## Instructions for the task
Retype the material that follows exactly, limited to the lines from the one with "La reine Mathilde" through the one with "Wyjątkowy mural powstał", and keep out all pictures.
_ _ _ _ _ _ _
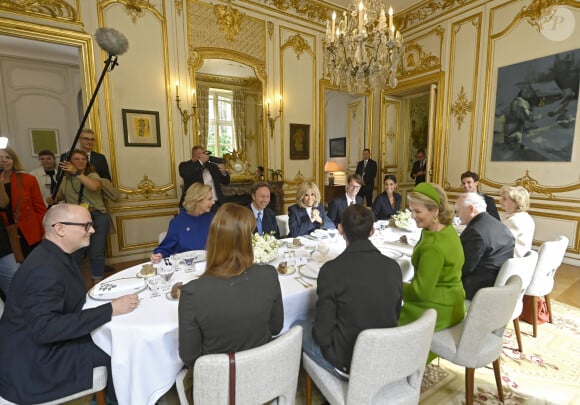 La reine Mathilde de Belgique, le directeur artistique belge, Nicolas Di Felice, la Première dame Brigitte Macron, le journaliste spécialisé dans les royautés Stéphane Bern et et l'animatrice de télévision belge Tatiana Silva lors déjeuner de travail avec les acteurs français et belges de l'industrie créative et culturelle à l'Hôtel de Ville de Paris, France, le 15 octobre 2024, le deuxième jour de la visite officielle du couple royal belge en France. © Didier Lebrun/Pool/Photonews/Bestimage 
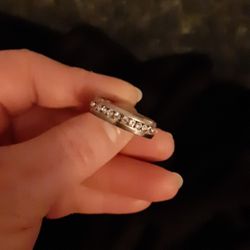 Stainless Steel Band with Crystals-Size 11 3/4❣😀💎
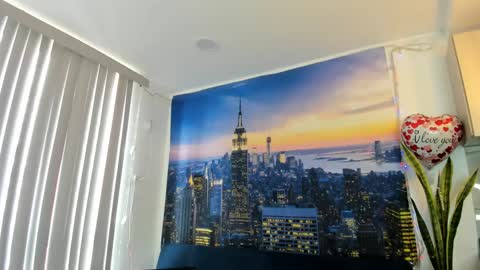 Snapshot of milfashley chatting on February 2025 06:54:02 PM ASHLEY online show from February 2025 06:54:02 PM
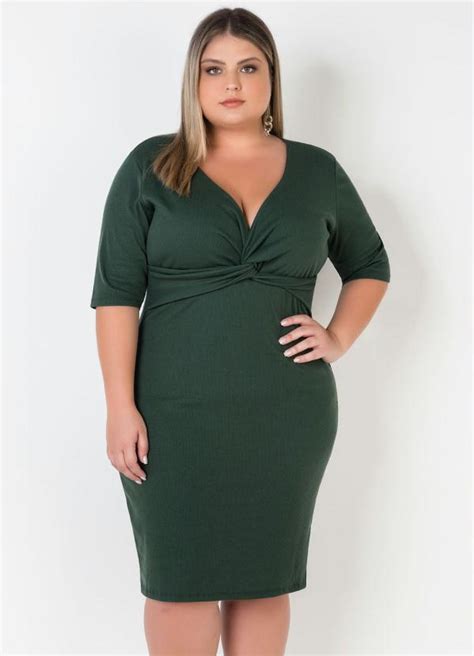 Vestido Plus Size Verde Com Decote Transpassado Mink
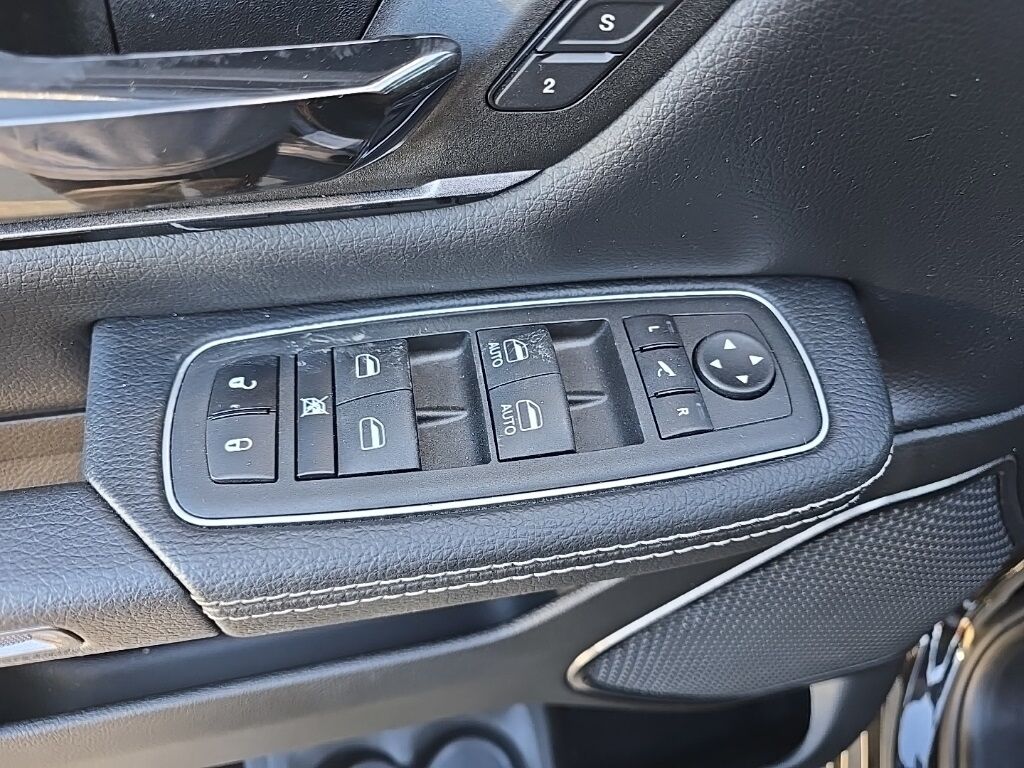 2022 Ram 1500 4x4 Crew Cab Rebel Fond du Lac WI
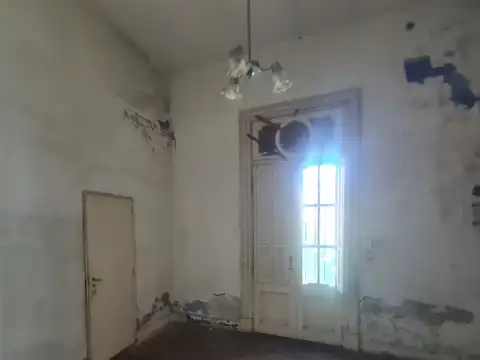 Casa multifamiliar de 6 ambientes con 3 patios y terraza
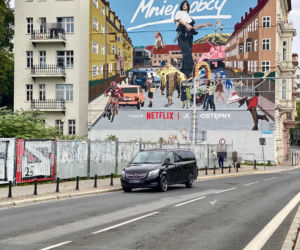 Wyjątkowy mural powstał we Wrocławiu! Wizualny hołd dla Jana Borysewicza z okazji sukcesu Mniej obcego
_ _ _ _ _ _ _
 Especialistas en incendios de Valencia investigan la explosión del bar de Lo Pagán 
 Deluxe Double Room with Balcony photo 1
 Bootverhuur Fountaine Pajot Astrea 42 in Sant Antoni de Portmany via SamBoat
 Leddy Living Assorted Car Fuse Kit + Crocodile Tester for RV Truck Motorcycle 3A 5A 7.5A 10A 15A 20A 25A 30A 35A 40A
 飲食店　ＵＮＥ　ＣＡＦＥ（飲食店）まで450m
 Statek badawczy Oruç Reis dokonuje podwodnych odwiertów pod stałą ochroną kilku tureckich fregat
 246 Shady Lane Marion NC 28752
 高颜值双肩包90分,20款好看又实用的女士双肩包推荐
_ _ _ _ _ _ _
## Answer area
 La reine Mathilde de Belgique, le directeur artistique belge, Nicolas Di Felice, la Première dame Brigitte Macron, le journaliste spécialisé dans les royautés Stéphane Bern et et l'animatrice de télévision belge Tatiana Silva lors déjeuner de travail avec les acteurs français et belges de l'industrie créative et culturelle à l'Hôtel de Ville de Paris, France, le 15 octobre 2024, le deuxième jour de la visite officielle du couple royal belge en France. © Didier Lebrun/Pool/Photonews/Bestimage 
 Stainless Steel Band with Crystals-Size 11 3/4❣😀💎
 Snapshot of milfashley chatting on February 2025 06:54:02 PM ASHLEY online show from February 2025 06:54:02 PM
 Vestido Plus Size Verde Com Decote Transpassado Mink
 2022 Ram 1500 4x4 Crew Cab Rebel Fond du Lac WI
 Casa multifamiliar de 6 ambientes con 3 patios y terraza
 Wyjątkowy mural powstał we Wrocławiu! Wizualny hołd dla Jana Borysewicza z okazji sukcesu Mniej obcego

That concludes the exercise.